By Amy Chance – Sacramento Bee | Published 3:28 pm PDT Friday, September 19, 2008
Gov. Arnold Schwarzenegger told a Capitol press conference this afternoon that the budget the Legislature will consider tonight is "an improvement" over earlier versions, but still fails to solve California's structural financial problems.
"Unfortunately the Legislature was unable to make the hard decisions to end our structural deficit, but this budget is an improvement of the earlier versions," he said. The Republican governor nevertheless plans to sign it next week, perhaps as early as Monday.
"Hospitals, nursing homes, day care services will be able to get paid...and California will be able to fulfill its obligations," said Schwarzenegger, who said he hopes to move on to make redistricting changes, reform the health care system and develop a statewide water plan.
"I don't see much of a signing ceremony, because there's nothing to celebrate," he said.
Schwarzenegger said he would support an initiative to penalize lawmakers when the budget is late.

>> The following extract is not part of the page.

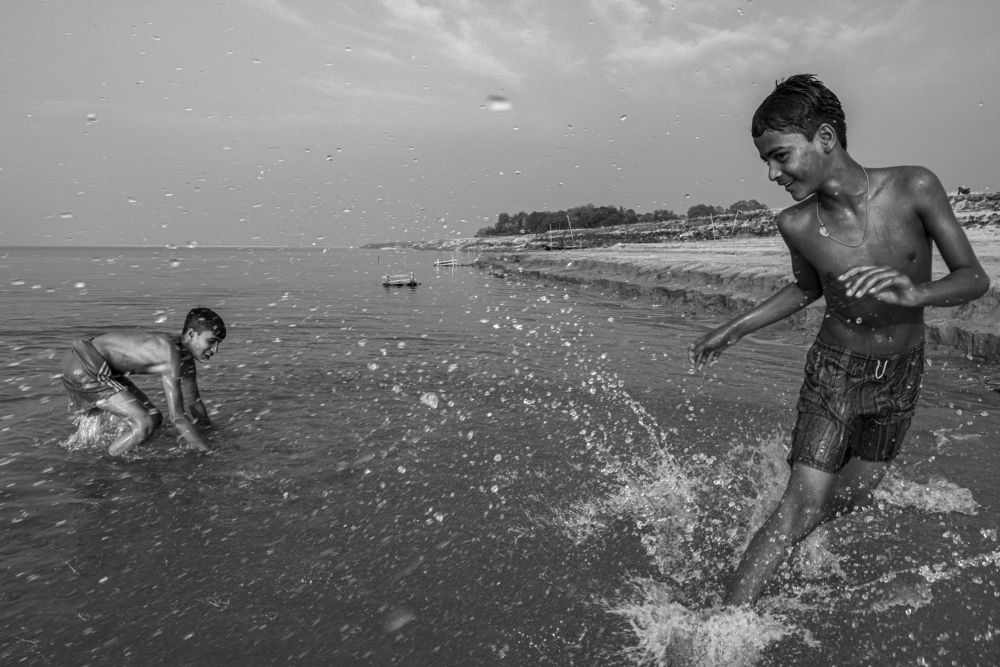 Photograph by Aniket Pal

"The one thing that I would look at right away is to create consequences so that when the Legislature is late one day there are consequences," he said. "Even after two months, you know, they are just very relaxed about it and in the meantime you cannot pay your bills. I think there's something wrong with that."
The governor said such a ballot measure would have to be put on via initiative, because the Legislature would not do it themselves. "I don't think it will get done in this building," he said.
Schwarzenegger: Special election in '09
SAC BEE CAPITOLALERT by Shane Goldmacher on September 19, 2008 3:25 PM
After three elections in 2008, California voters better start gearing up for another election in 2009. Gov. Arnold Schwarzenegger said he and the Legislature would call a special election next year for voters to approve changes to the lottery and, likely, budget reform in a press conference announcing he would sign the budget.
"Because of the lottery and various different other things, yes, we will be calling a special election," Schwarzenegger said.
The timing of a special election next year remains up in the air. In March, voters in Los Angeles, the state's largest city, are set to go to the polls for a mayoral election. Consolidating a special election with that one could save the state money.
But Schwarzenegger said Friday that "March is probably too early. It could be June."
A special election appeared likely after the initial passage of the budget on Tuesday morning, with the overhaul of the state's rainy-day fund and the changing of the state lottery both requiring voter approval.
Since 2002, Californians have had to go to the polls at least once every year except 2007.
Besides the regularly scheduled elections, there was the 2003 recall and the 2005 special election. By 2010, voters will have been to the polls in eight of nine years.